Gages de relation durable

Mais ne s’improvise pas partenaire qui veut. Pour éviter les conflits ou les frustrations, les groupements du Bas-Saint-Laurent ont tenu à faire les choses à leur façon. Ainsi, contrairement à un autre modèle de certification conjointe qui existe dans les Cantons-de-l’Est par exemple, chacun des groupements avait déjà été certifié au préalable. «Dans notre cas, nous étions les premiers au Québec à être certifiés en 2002. Ça valait la peine que chacun fasse son vécu. Avant de s’engager, on connaissait les forces et faiblesses de chacun. Aussi, chacun demeure responsable de ses activités», explique le représentant du Groupement forestier de Témiscouata. «Collectivement, nous avons tous résolu nos RAC. Au moment d’avoir la certification commune, nous avions une seule RAC majeure et elles ont depuis toutes été fermées», annonce le représentant de la SER de la Neigette.
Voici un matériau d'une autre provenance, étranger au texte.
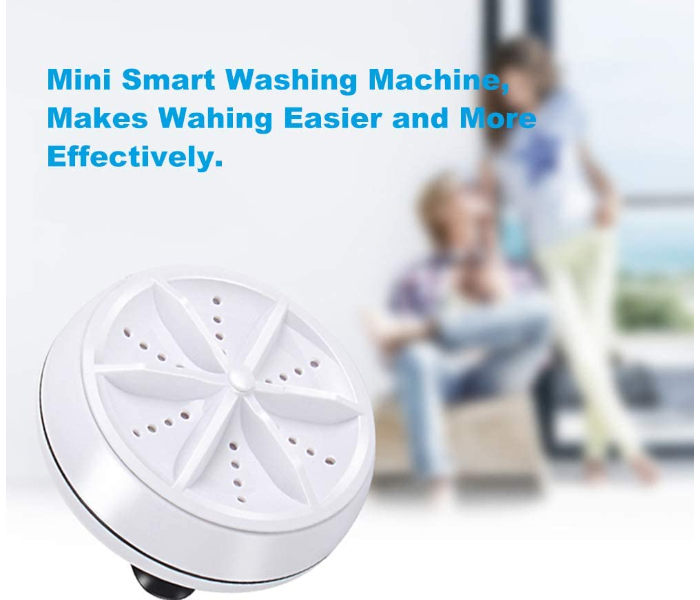 FN- 2 in 1 Ultrasonic Turbo Washing Machine Portable Washer and Rotary Mini Washing Machine - White - Zoom Image 6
Petit groupe deviendra grand?

Au final, la SER de la Métis à St-Gabriel et le Groupement forestier et agricole Taché à Saint- Cyprien ont tous deux témoigné leur intérêt à intégrer la certification conjointe. «Nous étudions la possibilité d’inclure deux nouveaux partenaires», confirme Daniel Bélanger. Voilà un modèle qui mérite peut-être d’être reproduit. Smartwood également favorable Du côté de Smartwood Canada, organisme sans but lucratif qui fait les audits pour les groupements, on abonde dans le même sens. «C’est très positif. Ça amène une harmonisation des pratiques pour les groupements et une harmonisation des vérifications pour nous», avance ALEX BOURSIER, directeur régional au sein de Smartwood. Ce dernier avance même que les possibilités de modèles sont nombreuses quant aux certifications conjointes. «Ça pourrait même être un consultant qui prend la certification et qui pourrait servir de conseiller et de guide par la suite», offre-t-il en guise d’exemple. Pour ce dernier, la certification de groupe n’a que du positif. «Nous, on fait moins de sous, mais on est bien contents que les groupements collaborent entre eux», conclut-il.